Day 558 | Pental Island: away from the roads

52 km | zzOz total: 18,121 km

I wasn’t so fussed about the end of the world, being away from the usual media hype.

In any case at quite a young age I’d read Norman Cohn’s Pursuit of the Millennium, a scholarly work about the history of the Apocalypse. When you realise the disciples sat around waiting for the imminent Second Coming for a few weeks, surprised it didn’t happen, you come to think there’s an extensive tradition when it comes to Ends of the World.

For some reason, at the time, I was quite taken by the idea of those walking the roads of Europe in the Middle Ages, scourging themselves until they almost fainted from blood loss, all because they felt unworthy. (Thinking of linking my recent activities with those in times past, my assertion is that there is little in common other then the idea of a road, my motivation is entirely different.)

I’d been recommended the book my housemate of the time, an older guy, Steve, with an extensive library which may or might not have included the complete work of Lenin, and a proper Graduate School education in the US, not our light weight NZ version, we enjoyed many late night discussions over a bottle of whisky, me downing one finger to his fistful.

Steve also alerted me to a number of books that have stayed on my reading list over the years: Death on the Instalment Plan, by Celine, in fact any of his pre WW2 masterpieces, Journey to the End of the Night.

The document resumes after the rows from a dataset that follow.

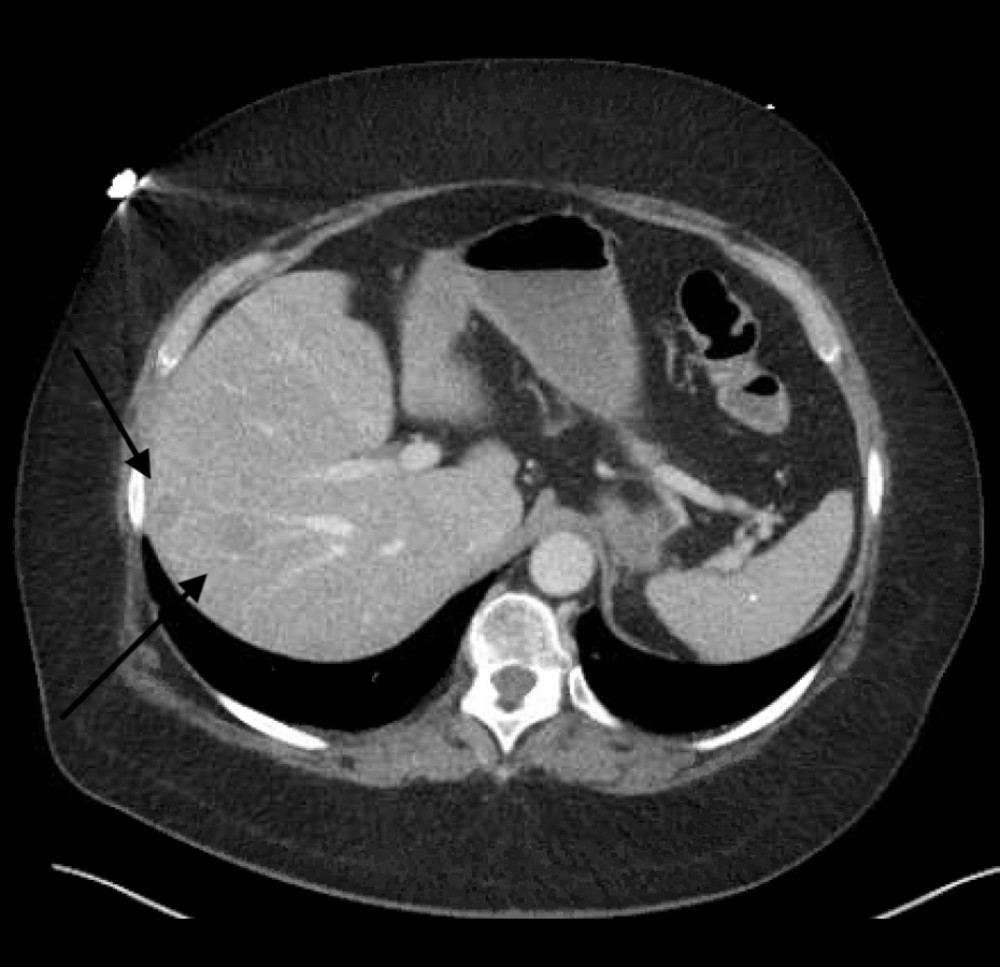 Contrast-enhanced CT imaging of the abdomen and pelvis revealing multiple hepatic lesions (arrows).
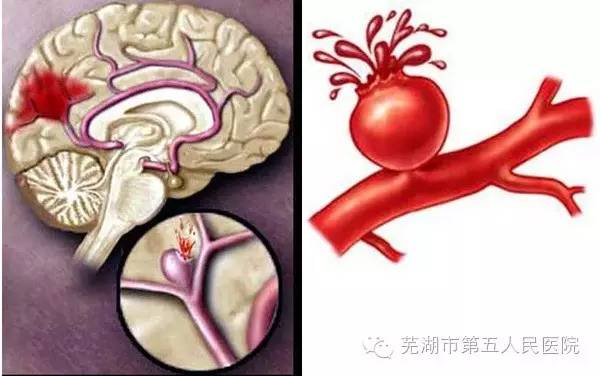 脑干出血宣布死亡还有奇迹吗？探寻生与死的边界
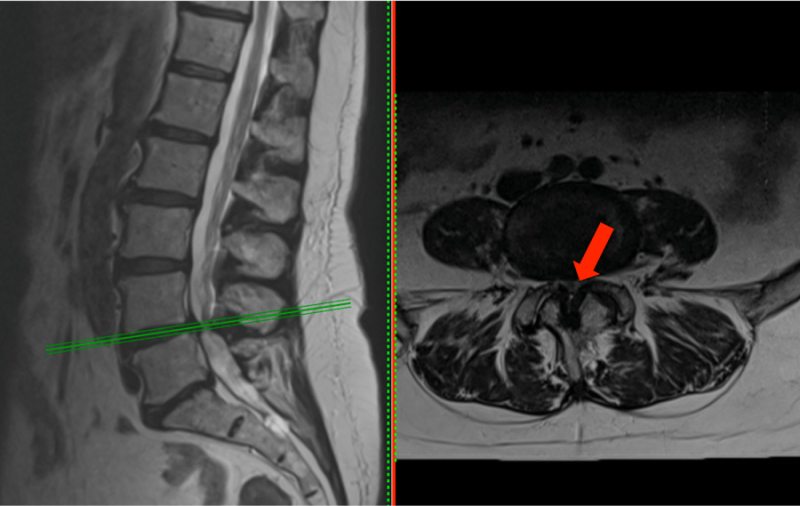 Spinal stenosis, Radiology Reference Article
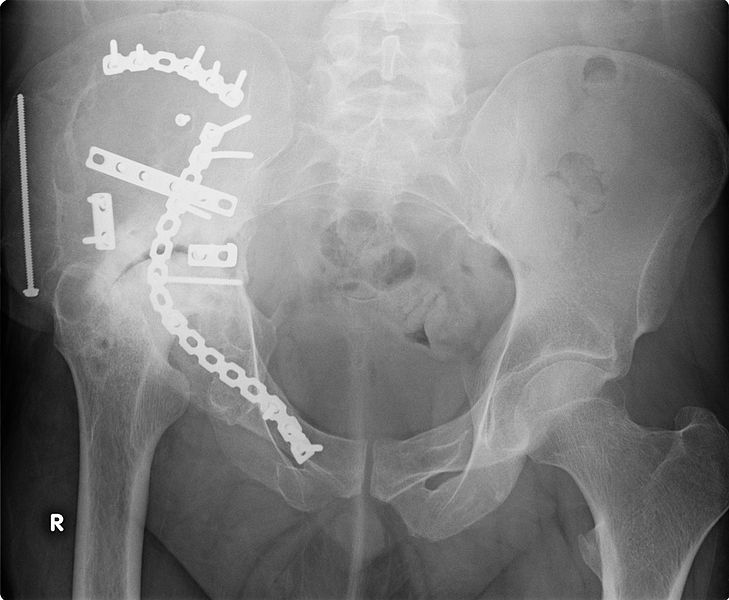 Sacral Bone Fracture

The Instalment Plan has such energy, humour and vitality in the writing, all recounted by the grumpiest, let’s just be honest here, obnoxious narrators in literature, but such humanity behind it, such life.

Also from my reading list was V, by Thomas Pyncheon, more readable than Gravity’s Rainbow, which was once on the most read list of any aspiring pointy head.

Cat’s Cradle, by Vonnegut, also rated highly although it wasn’t my book, I’d brought Catch 22 to the table which Steve felt was acceptable due to my youth but I had to get into those weighty tomes, you had to get the brain power working.

If Infinite Jest has been written, it wouldn’t for another 15 years, it would fit comfortably with all those other uncomfortable reads.

What do I think about another end of the world having survived Jonestown and that horrid 70s Cold War tension when the cruise missiles moved into West Germany?

Pessimistic?

S’pose.

Somehow people’s need for immediate, or short term, gratification and general gross materialism trumps the greater good.

It was 42ºC today, and the warmest December night ever recorded in Melbourne last night, at least not the uncommonly high 45.5ºC of three weeks ago in these parts.

I’m not so much judging others, much, but something’s gotta happen and it might as well start with us.